Experts from the eating disorder sector have called for tighter regulation of social media apps at today’s Body Image and Social Media roundtable in Parliament House, Canberra.
The event, co-hosted by Zoe Daniel MP and Butterfly Foundation, brought together experts in the eating disorder prevention field, young people with lived experience, social media representatives, researchers and academics, the eSafety Commission and parliamentarians, to develop solutions to better protect young people in online environments.
In recent years, some social media platforms have made changes to improve safety in relation to body dissatisfaction and eating disorders. However, the volume of users and the rapid development of new trends, including hashtags that get around banned terms, work against existing protections.
“Prevention is a key pillar of the National Eating Disorders Strategy released last month by the National Eating Disorder Collaboration (NEDC), including improving online safety for young people,” said the CEO of Butterfly, Jim Hungerford. “While we are working with social media platforms to minimise the harm to young people, and to encourage the positive outcomes that can come from social media, we need to work together to promote social media literacy and educate content creators in safe sharing.”

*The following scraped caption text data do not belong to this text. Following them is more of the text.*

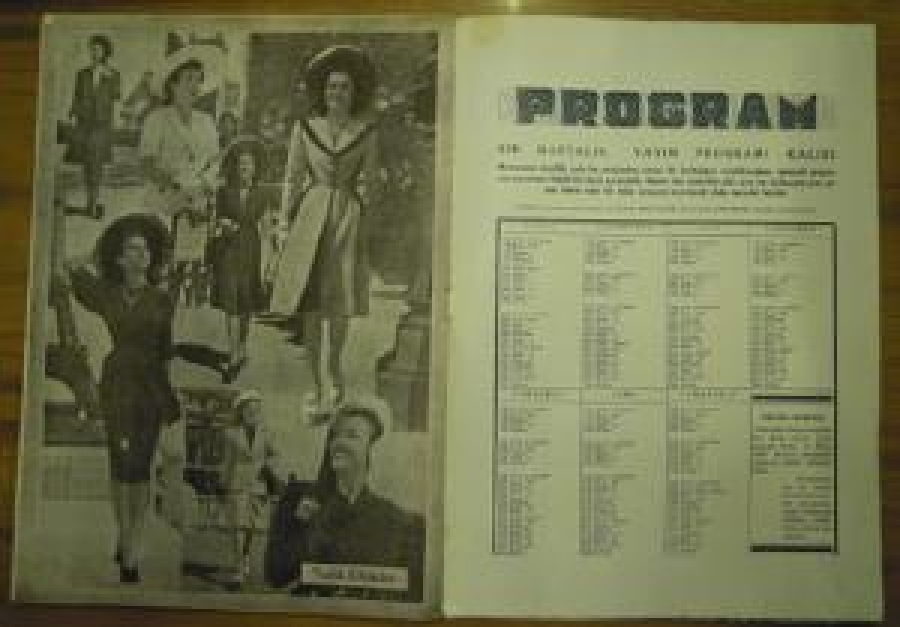 RADYOMUZUN YAYIM PROGRAMLARI 1 EYLÜL 1946 - CİLT : 5 - SAYI : 57 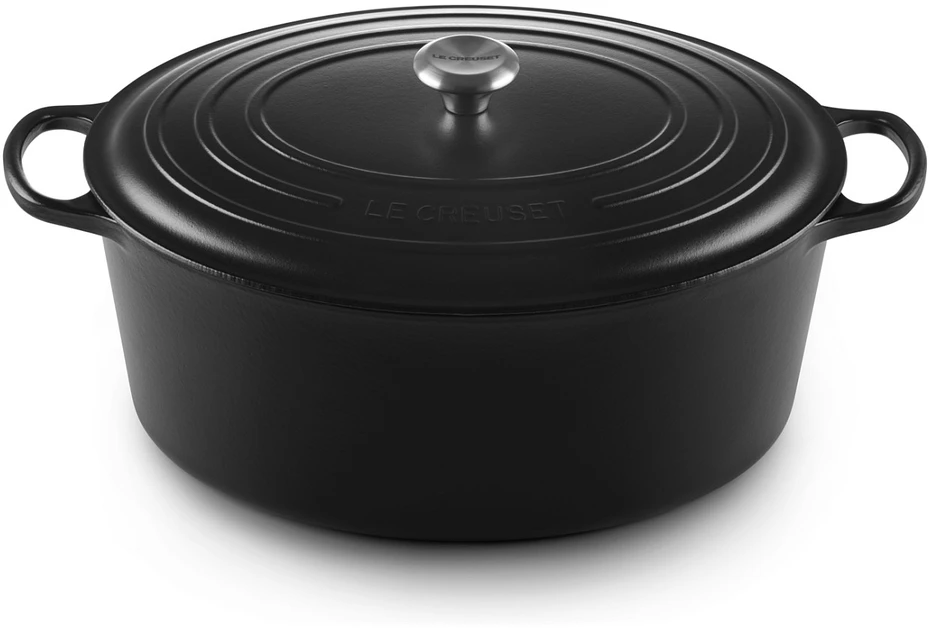 Le Creuset Signature Roaster oval 40cm juodas Juodas (21178400000430)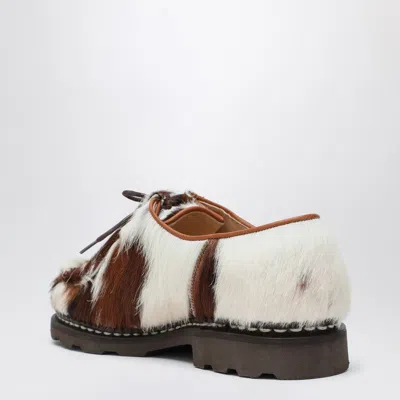 Paraboot Michael蕾丝鞋子穿着小马头发 In Brown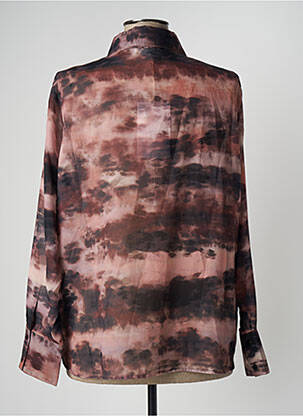 Chemisier imprimé fantaisie manches longues marron MOLLY BRACKEN femme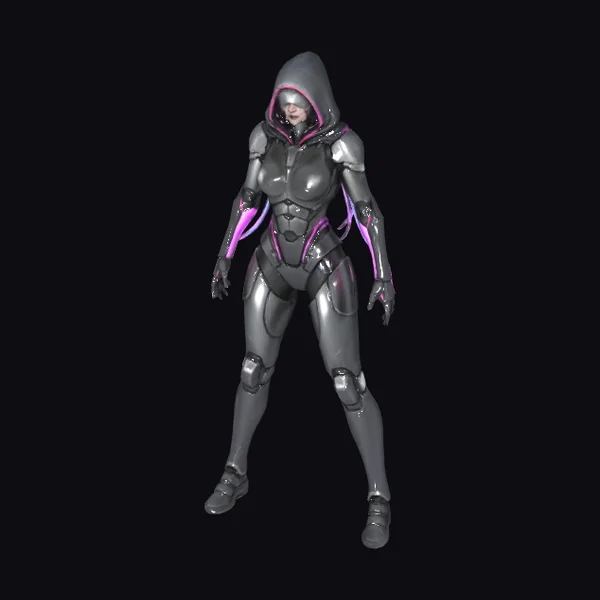 Cybernetic Female Sentinel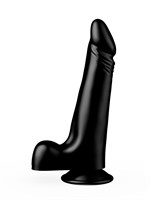 Чёрный фаллоимитатор с вытянутой головкой - 17,8 см. 35324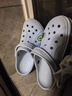 卡骆驰（CROCS）贝雅卡骆班儿童洞洞鞋沙滩鞋男女童包头拖鞋/207018/207019 矿物蓝-4JQ 35 (215mm) 实拍图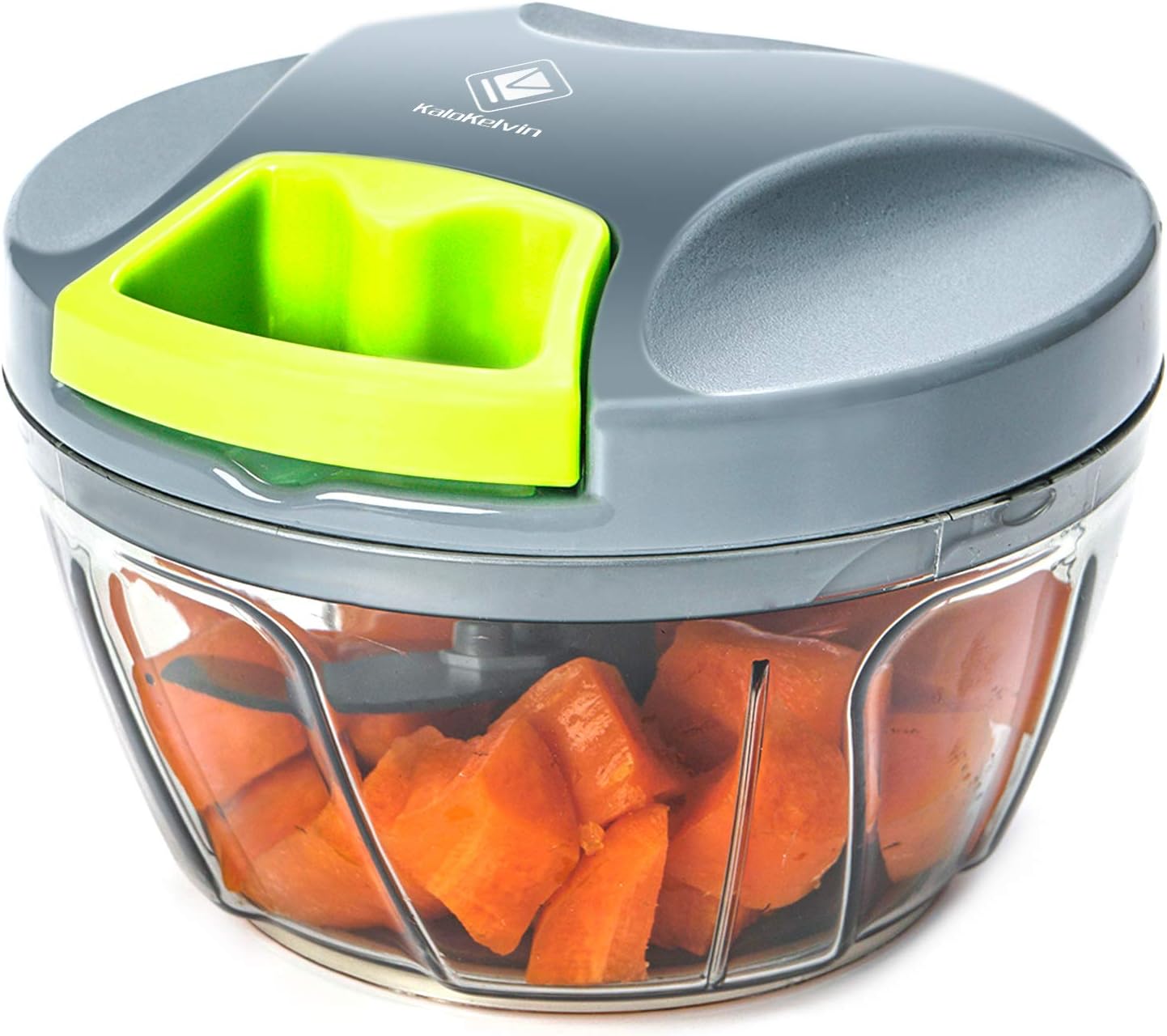 kalokelvin Powerful Manual Food Chopper 3 Blades Vegetable Food Blender Processor(400 ML)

CEO of Eating Disorders Queensland, Belinda Chelius shared the experience of a Lived Experience worker at EDQ, “During the years that I lived with an eating disorder, I didn’t have a strong grasp of my own values and identity nor a connection to myself that supported healthy intuition. From my own experience, I feel that there can be a vulnerability and impressionability in relation to social media and the internet for those at risk of or living with an eating disorder.” She calls on the eating disorder sector and policymakers to stand up and speak with our communities to enable safe environments for vulnerable people.
The eating disorder sector has agreed to set up a working group to consider all options, including legislative change, to protect young people from harmful content that promotes thinness and glorifies eating disorders.
Butterfly Foundation will chair the new group which will have six months to finalise its recommendations to government and industry.
The attendees of the roundtable also agreed to explore and advocate for a National Inquiry into Body Image Issues – which would be the first Federal investment in body image issues since the now outdated ‘Voluntary Industry Code of Conduct on Body Image’ in 2009.